This weekend, It’s a Beautiful Day in the Neighborhood opens to screens nationwide, a tribute to the life and work of Fred Rogers, played by actor Tom Hanks. We Presbyterians are very proud to be associated with this particular pastor. The Presbyterian Historical Society celebrates the impact of this uniquely gifted child of God:
Fred Rogers grew up in western Pennsylvania in the town of Latrobe, where he attended Latrobe Presbyterian Church. As a student at Rollins College in Winter Park, Florida, where he majored in music composition, he had his first encounter with television, and was appalled by the children’s programs he saw. He thought, “Children deserve better.” In 1953, he was invited by WQED in Pittsburgh, the nation’s first community-supported public television station, to co-produce a daily program called The Children’s Corner. The experience convinced him he had a future in children’s television. https://www.history.pcusa.org/blog/remembering-mr-rogers
A graduate of Pittsburgh Theological Seminary, Fred Rogers was ordained by the Presbyterian Church in 1963 with the charge to continue his unique ministry to children through television. I was privileged to be among the millions of young kids who Mr. Rogers discipled through his daily program. It was truly an advanced course in Jesus’ total lifestyle. “Through Mister Rogers’ Neighborhood, he taught generations of children the quintessentially Christian but profoundly universal message of ‘Love yourself, love others.’"
At the age of seven, I remember tuning in to see Mr. Rogers place his feet in a plastic pool on a hot day with the local policeman, Officer Clemmons. The two men, one white and the other black, took off their shoes and put them in the water together. As the camera zoomed in on their submerged feet side by side I noticed the contrasting color of their skin. It was a kind of baptism of my racial-ethnic imagination. The program was exceedingly relevant, for in some parts of the country Americans with dark skin were being violently removed from “white” swimming pools, and just one year before this episode aired, Dr. Martin Luther King Jr. had been gunned down and murdered in Memphis, TN. I later learned that Francois Clemmons, who Fred Rogers met at his church in Pittsburg, was also a gay man – only heightening the significance of this episode about neighbor love. My elementary school friend Andre and I owe a debt of gratitude to Mr. Rogers and Officer Clemmons. They helped us easily break the color-barrier with our own childhood friendship, as he was my first friend of the darker hue, but certainly not the last.
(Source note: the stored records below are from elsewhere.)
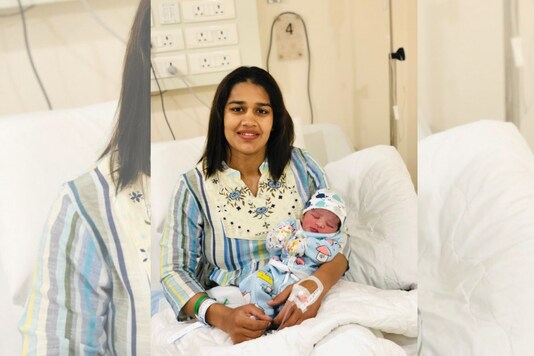 Wrestlers Babita Phogat and Vivek Suhag welcome their first child (Photo Credit: Babita Phogat Twitter) Wrestlers Babita Phogat and Vivek Suhag welcome their first child (Photo Credit: Babita Phogat Twitter)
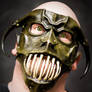 Leather Gargoyle Mask Combo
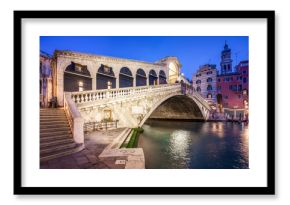 Rialto Brücke in Venedig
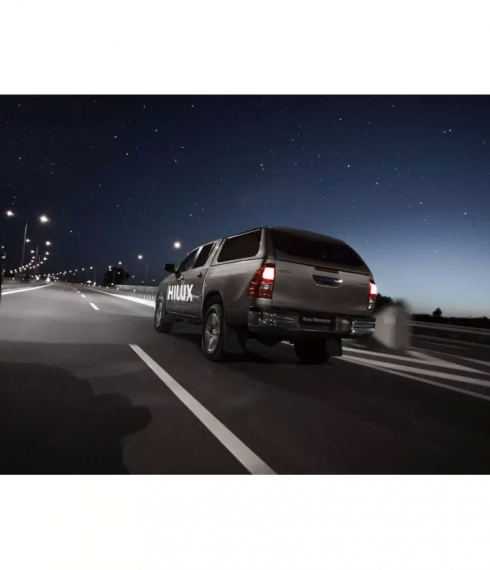 Кунг на Toyota Hilux Road Ranger RH4 Profi фото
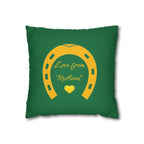 Spun Polyester Square Pillowcase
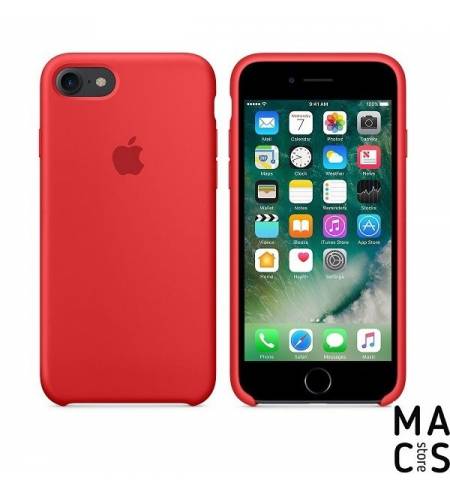 Оригинальный чехол Silicone Case Apple Red (MMWN2ZM/A) для iPhone7 (красный)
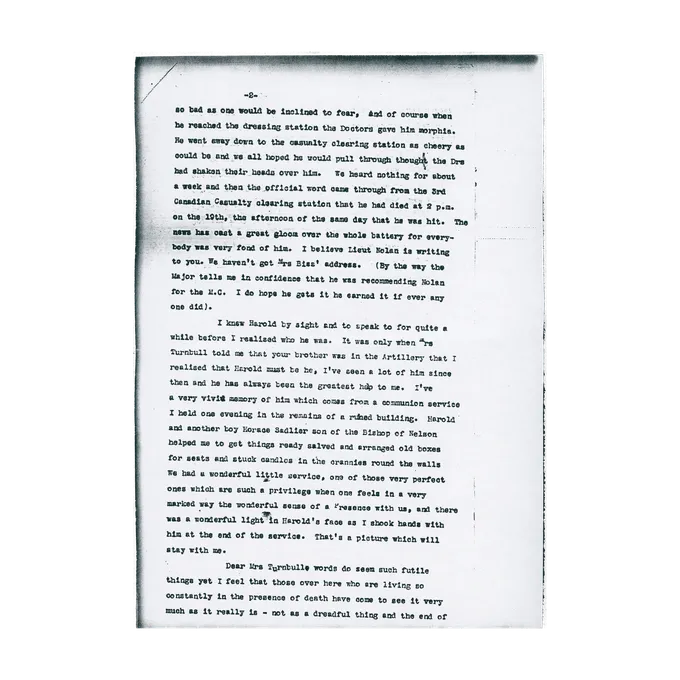 Page 2 of this letter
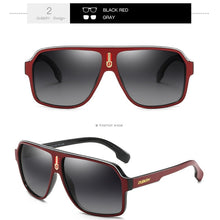 Load image into Gallery viewer, DUBERY 2020 High  Men Polarized Sunglasses PC Frame TAC Mirror Colorful Polarization Sun Glasses UV400 Outdoor Goggles D4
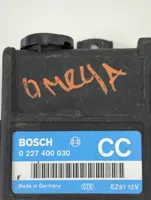 Opel Omega B2 Dzinēja vadības bloks 0227400030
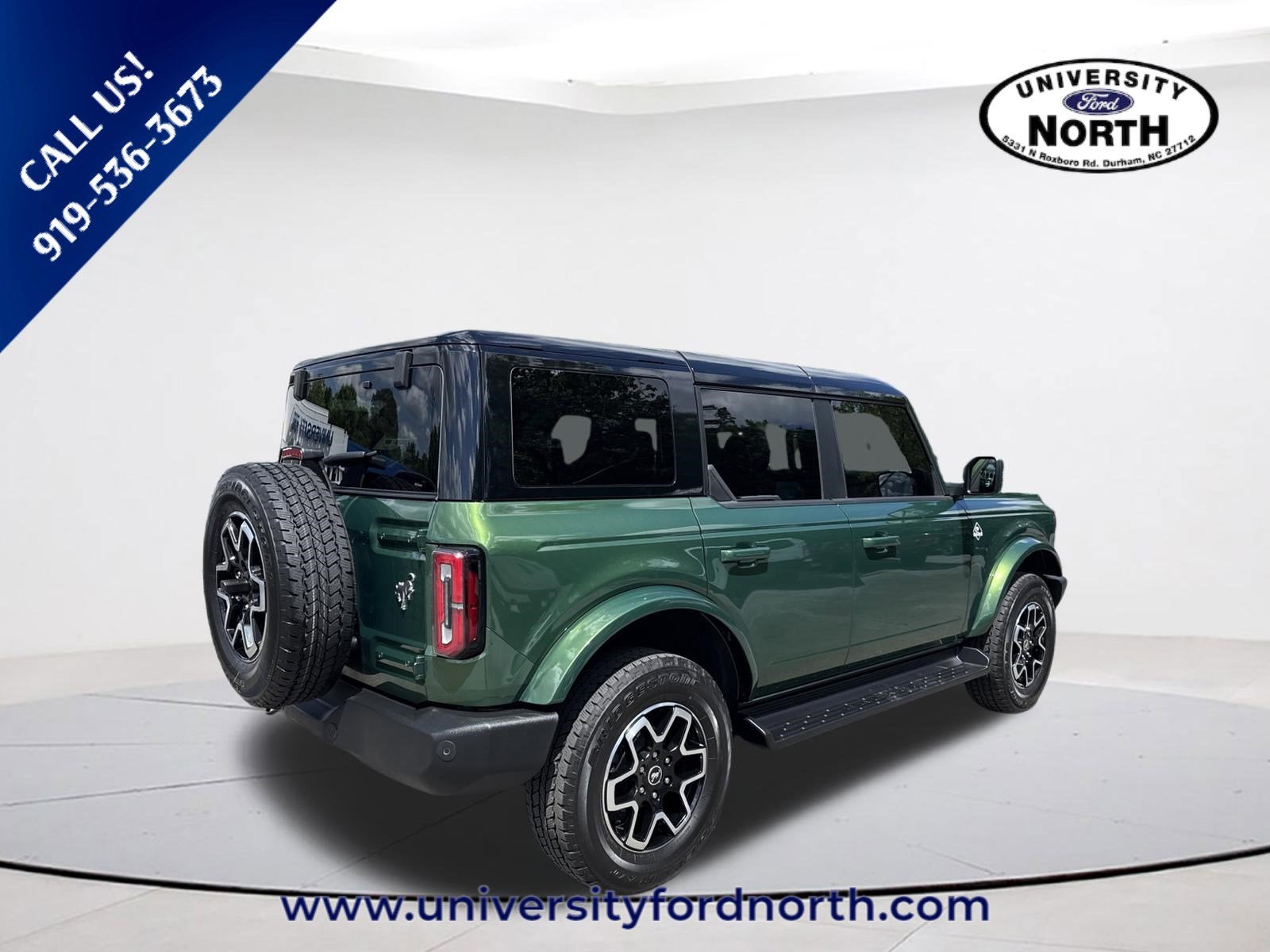 2025 Ford Bronco Outer Banks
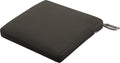 Classic Accessories Ravenna Water-Resistant 19 x 19 x 3 Inch Patio Seat Cushion, Espresso, Chair Seat Cushion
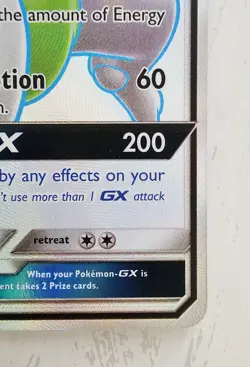 Mewtwo GX SV59/SV94 Hidden Fates Shiny Vault Holo Card Near Mint Condition - Image 5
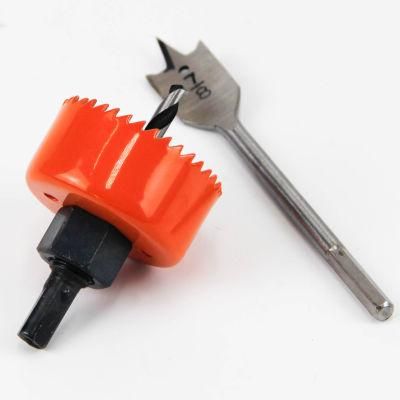 Behappy Hole Saw Kit, Bi-Metal Set Hole Saw for Drilling Metal Holes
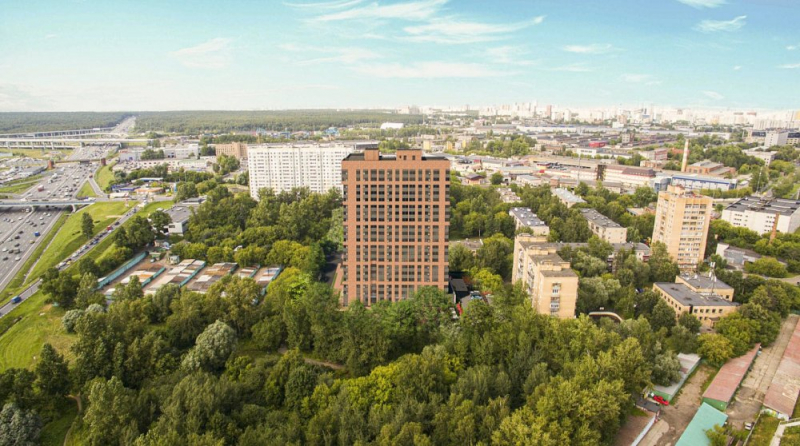 Жилой дом по программе реновации введут в эксплуатацию в этом году в районе Можайский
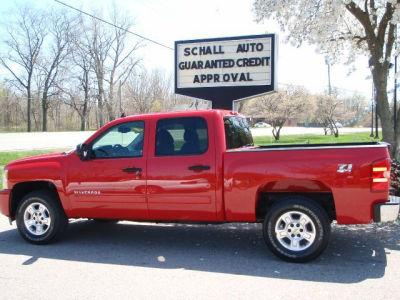 2008 Chevrolet Silverado 1500 Work Truck Red in Monroe Michigan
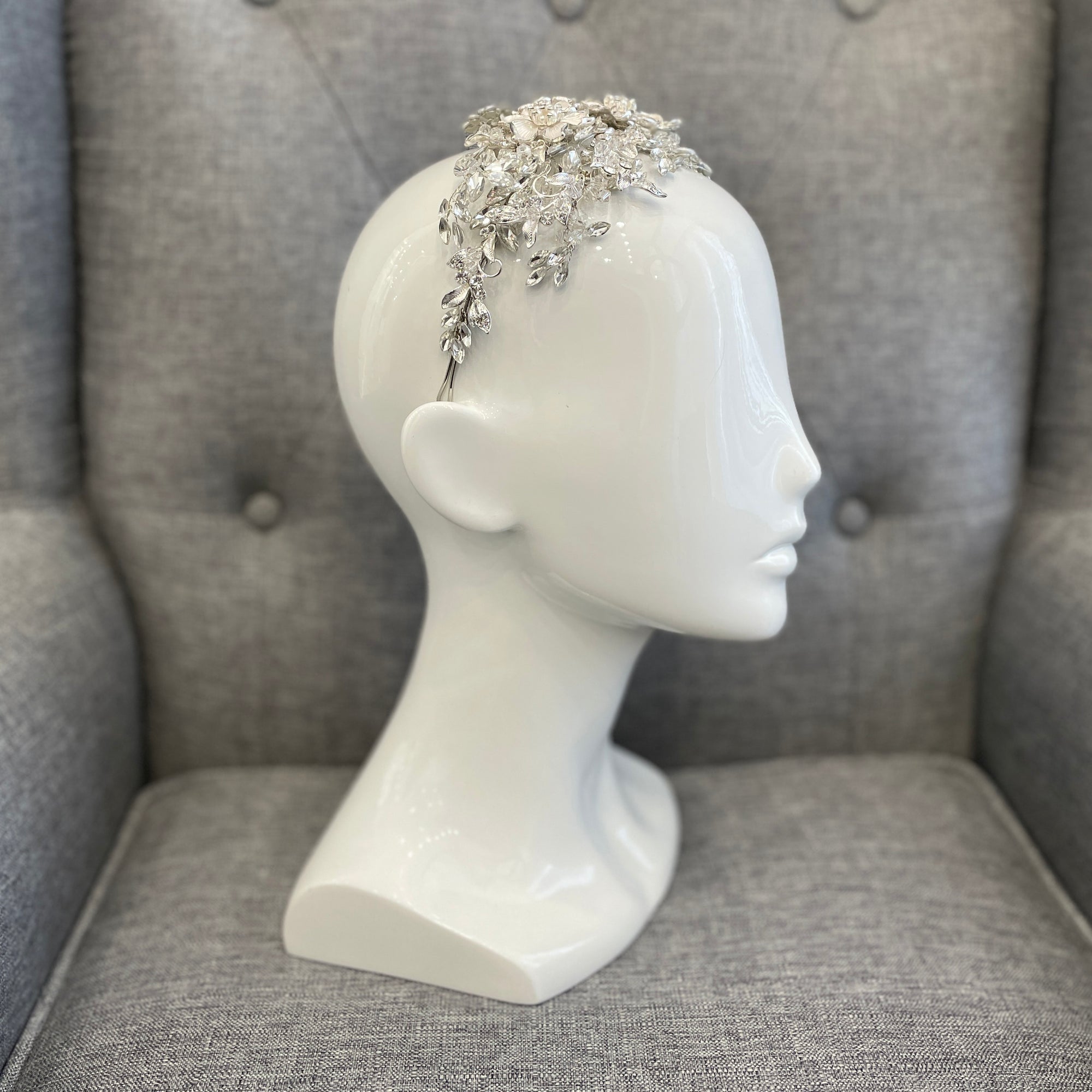 Primavera Luxe Flat Headpiece Hair Accessories - Headpieces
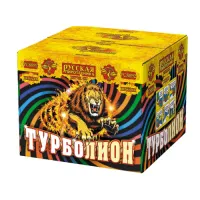 Батарея салютов Турболион РС8892 купить от производителя Русская Пиротехника — Краснодар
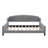 Elegant Tufted Button Daybed, Modern Luxury Design-129108534-129108536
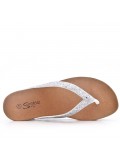 Women's flat flip flops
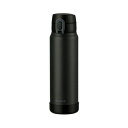 ピーコック魔法瓶 ステンレスボトル ワンタッチマグタイプ AKER61 B 保冷保温 SUS316 0.6L(3)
All this reminds me today that our ability to foster friendship and compassion as the church is immense, if we will invite others to place their feet in the tub with us. All too often, the church has become a place where divisions in our society are merely duplicated rather than overcome, or where divisions that have been overcome are not duplicated. I have failed on more than one occasion to live out my highest ideals in this regard and I need the Spirit of Jesus more than ever to aid me on this journey of reconciliation and “foot tub theology.”
In this day of dis-ease and national division, when we are tempted to choose which neighbor to love or care for based upon politics, social status, religious views, or lifestyle choices, Mr. Rogers challenges us to do more than surround ourselves with “the right neighbors.” He invites us, instead, to be the right neighbors. Toward that end, I am reminded that holidays like Thanksgiving can be a time to break bread not only with family, but with friends and neighbors and even strangers who we have invited from the larger community. May I also suggest that we begin praying for those in our circle of influence who do not share our faith or background, and then invite them to dinner or to our church in celebration of Christ’s birth?
Like Fred Rogers, we continue to be inspired by Jesus who told a parable about a Jewish man beaten, robbed, and left for dead, who is rescued and nursed back to health by his enemy, a despised Samaritan. The unforgettable story is meant to teach us that a truly good neighbor crosses the boundaries of hatred and prejudice to do what love requires. Jesus himself did this, and much more, when he entered human flesh, lived a life of compassion, welcomed children, included gentiles and outcasts, ate with tax gatherers and sinners, forgave his enemies, and showed us the depth of God’s suffering love. May we follow in his footsteps, and join him in his foot tub, in this Holy Season.